PROBLEM DESCRIPTION:
Working from the data below, write out exactly the lines from its first through the line that contains "If you'd like", both ends included and pictures omitted.

ENTRIES SHOWN:
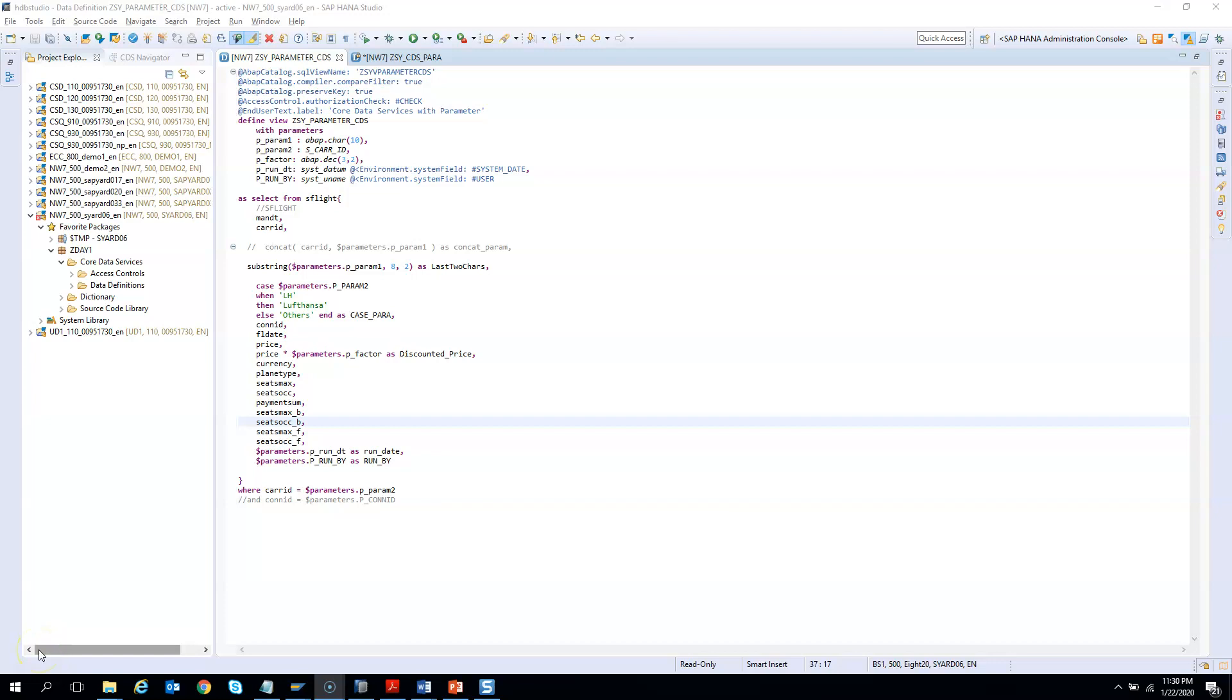This will be our final part for the parameters in CDS. In this video, we will learn how to consume the parameters of one CDS from another CDS view. And in the second exercise, we will learn how to consume the CDS with parameters from an ABAP program.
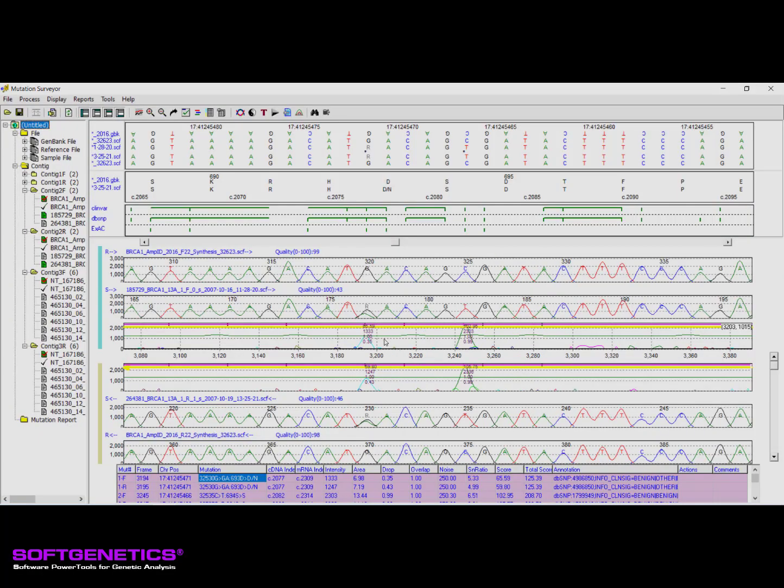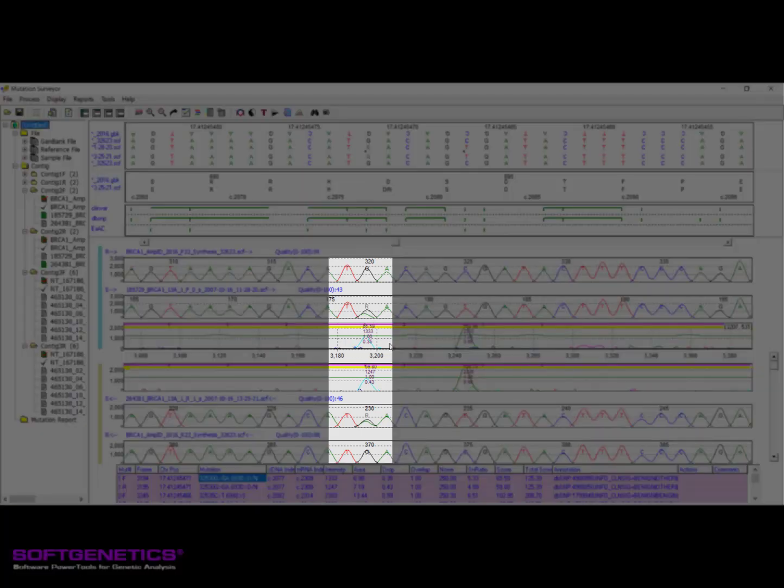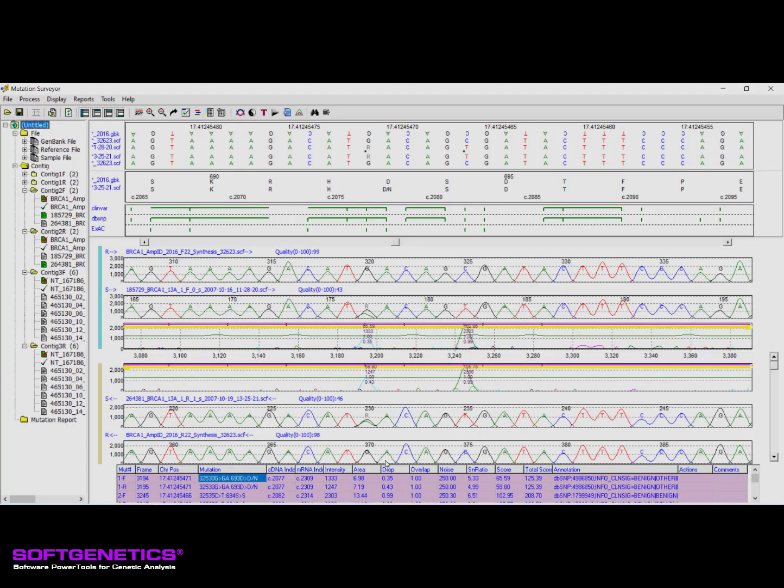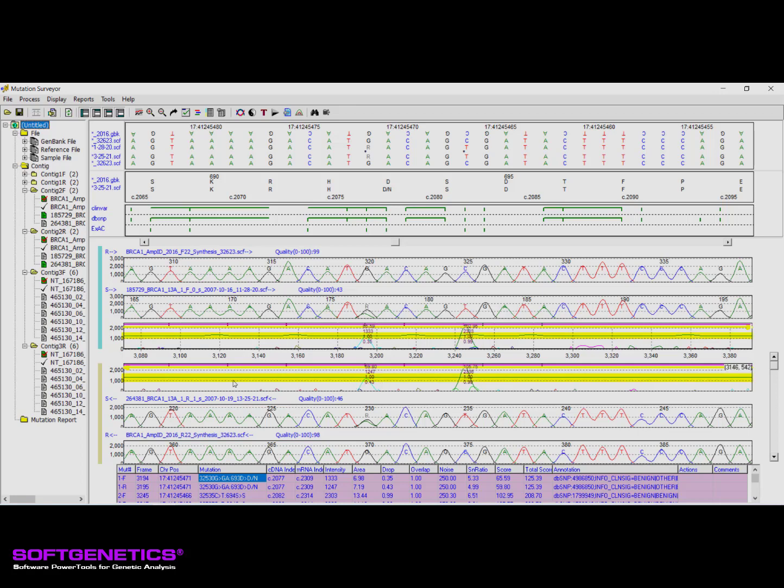Peaks in the mutation trace that appear approximately half this height may be representative of a heterozygous substitution, like we see here. The presence of homozygous insertion and deletion events is monitored and detected through the mobility line, which is the green line running horizontally through the middle of the mutation trace. The mobility line tracks alignment between the reference and sample and fluctuates with changes in sample migration time.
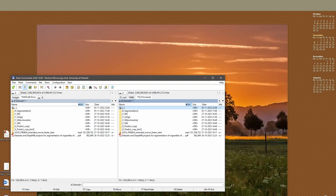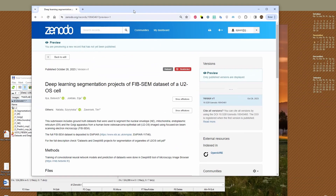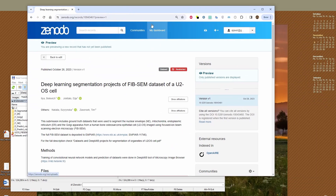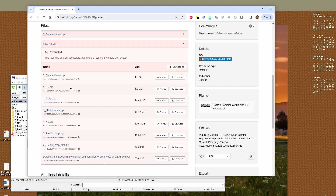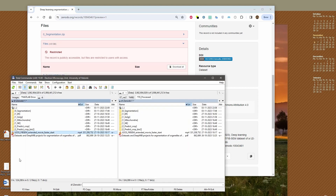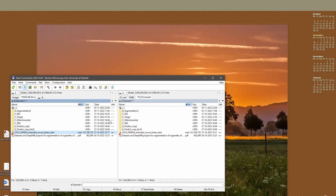The actual training data as well as the trained networks were deposited to a Zenodo document. When you open this document you can see that it contains several archives. In this video I'd like to go through these archives to show you how you can actually use them. I already unzipped everything to my drive, so let's see what we have.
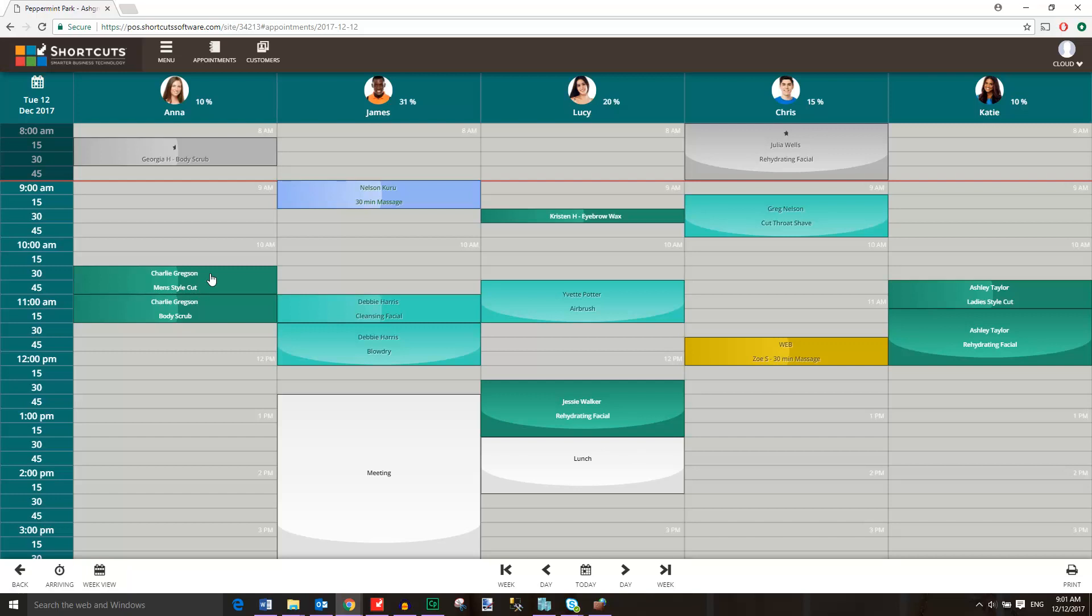If you'd like to see specific employees in week view, you can select them at the top of the screen, then press week view.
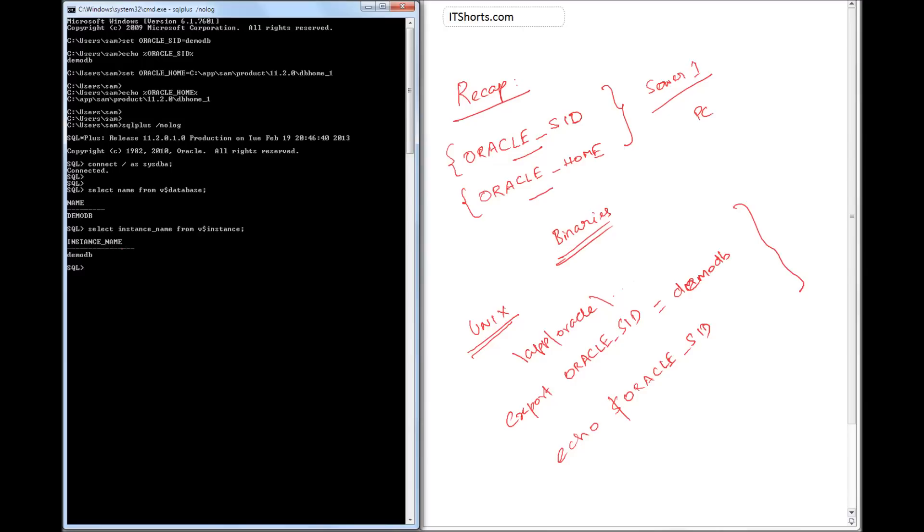In the previous lessons I've explained the difference between the instance and database. So in this case, the instance and the database name are the same.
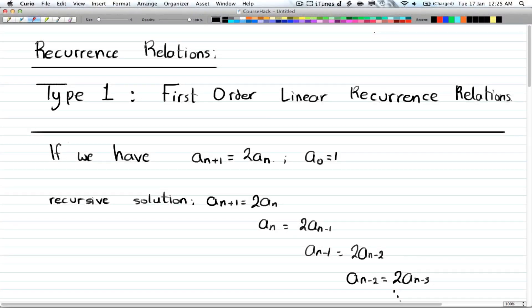Hey guys, and welcome to a new section of Discrete Math 2. In this section we're going to talk about recurrence relations, and there are three types. In this video I'm going to cover type 1, which is first order, linear recurrence relations. The first type is linear, and that means that you only have one root.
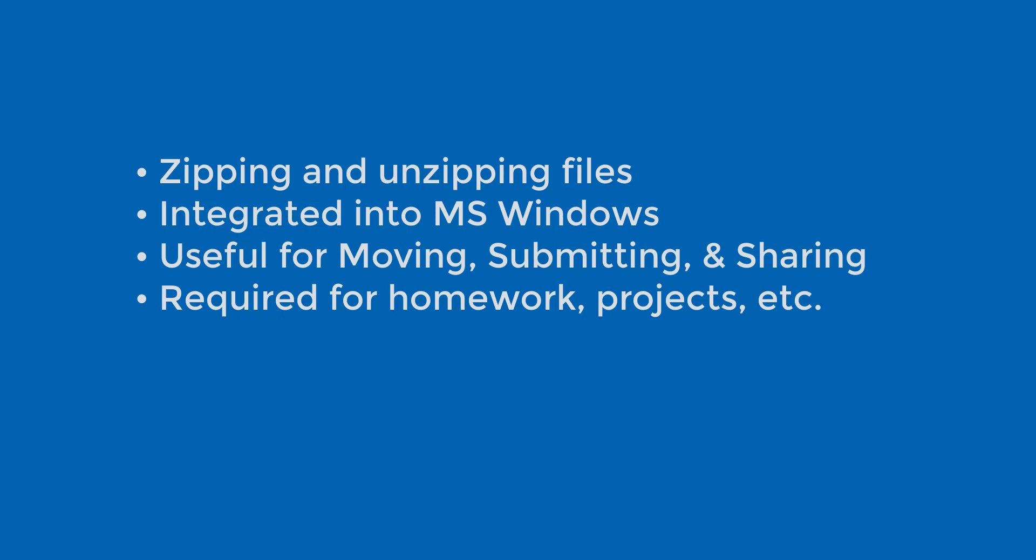But it's also a useful technique for moving files from computer to computer, sharing your files with a teammate, or demonstrating your files to a friend or a family member.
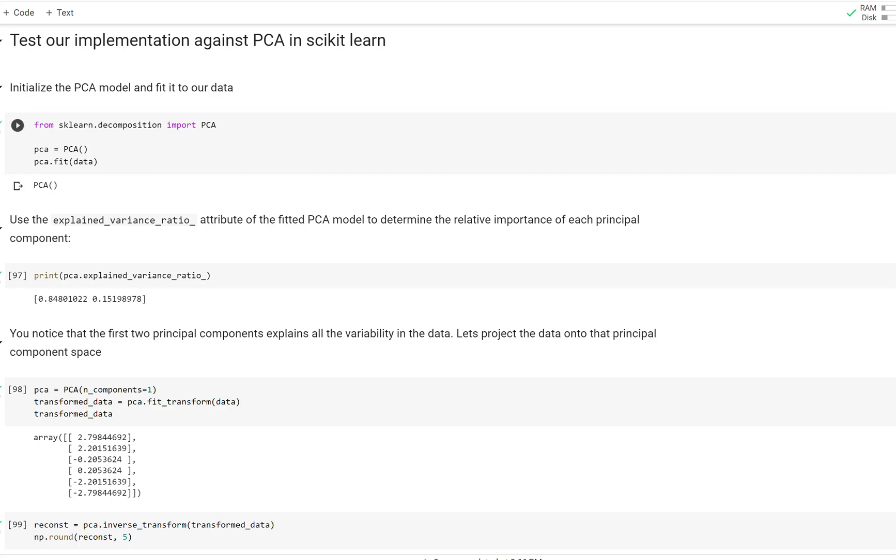Alright, so we went through how to implement SVD and eigendecomposition. Now I want to show how we actually implement PCA on a real-world dataset. Traditionally, we don't implement it from scratch. scikit-learn is an open-source library that offers several methods that make it very easy to do these things.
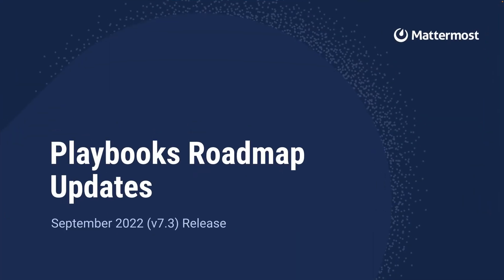Hello there. Here is everything new in version 7.3 of Madimos for Playbooks.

ANSWER SPACE:
This will be our final part for the parameters in CDS. In this video, we will learn how to consume the parameters of one CDS from another CDS view. And in the second exercise, we will learn how to consume the CDS with parameters from an ABAP program.
Peaks in the mutation trace that appear approximately half this height may be representative of a heterozygous substitution, like we see here. The presence of homozygous insertion and deletion events is monitored and detected through the mobility line, which is the green line running horizontally through the middle of the mutation trace. The mobility line tracks alignment between the reference and sample and fluctuates with changes in sample migration time.
The actual training data as well as the trained networks were deposited to a Zenodo document. When you open this document you can see that it contains several archives. In this video I'd like to go through these archives to show you how you can actually use them. I already unzipped everything to my drive, so let's see what we have.
If you'd like to see specific employees in week view, you can select them at the top of the screen, then press week view.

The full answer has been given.